Por seis peniques llenábamos la funda de almohada casi hasta arriba de pan.

Lo mejor de todo eran los molletes. Si en la bolsa caía alguno, nos lo comíamos de camino a casa y a mamá no le decíamos nada. Después de habernos levantado a las seis y de hacer cola fuera con aquel frío teníamos tanta hambre que comernos esos molletes tan escasos era algo totalmente divino.

Lo mejor que pasó por nuestra calle durante la guerra fue que nos pidieron que alojáramos soldados.

Mi madre alojó a tres. Un inglés, un escocés y un irlandés. Tuvo que pedir que trasladaran al irlandés, porque no paraba de protestar por todo.

No sé cuánto dinero representaría aquello, pero noté que nuestras condiciones de vida mejoraban. Mamá dijo que a padre no le gustaba mucho la idea. Ella era una mujer atractiva, y como él estaba en Francia, ya se imaginarán que en aquel momento no podía hacer gran cosa.

Aquello cambió mucho nuestra vida. De pronto, todos aparecimos con cosas nuevas, y hasta el recaudador recibió lo suyo.

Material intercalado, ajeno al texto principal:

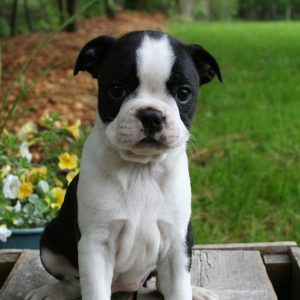 Emily High, View Puppies Breeder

El recaudador era un viajante que iba puerta a puerta. Pasaba y vendía sábanas y fundas de almohada, botas, zapatos y cosas así, que transportaba en una maleta muy grande. Le pagabas a tanto por semana por lo que te vendía, y un poquito más por la espera para recibir su pago. Nunca se firmaban acuerdos, solo se anotaba todo en un libro. Vender cosas era fácil, todo el mundo podía comprarlas, pero cuando llegaba el momento de recaudar el dinero, la cosa cambiaba. Cuando madre no tenía dinero, yo me quedaba en las escaleras esperando la llegada del recaudador y, al ver que se acercaba, corría dentro y gritaba: «¡Ya viene, mamá!», y ella se marchaba y se escondía. Así, cuando él llegaba a la puerta, era yo quien abría y le decía: «Mamá ha salido». Por lo general no me creía y se ponía muy bruto pero, claro, no podía hacer nada. Pasaba lo mismo con el cobrador del alquiler. Era solo que no teníamos el dinero.

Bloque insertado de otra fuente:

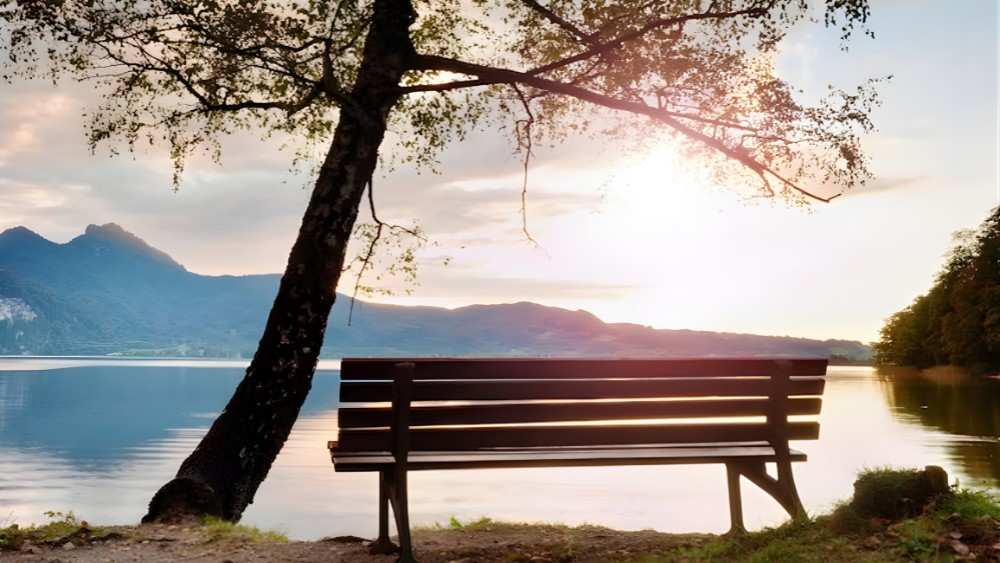 30-de-janeiro:-o-dia-da-saudade-e-o-direito-de-sentir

Yo tenía pesadillas con el cobrador del alquiler y el hecho de que podía echarnos. Al final conseguíamos pagarlo todo, pero, claro, el problema era que como siempre había deudas, cuando tu marido volvía a tener trabajo seguías estando igual de agobiada, porque tenías que pagar todo lo que se había acumulado cuando no lo tenía.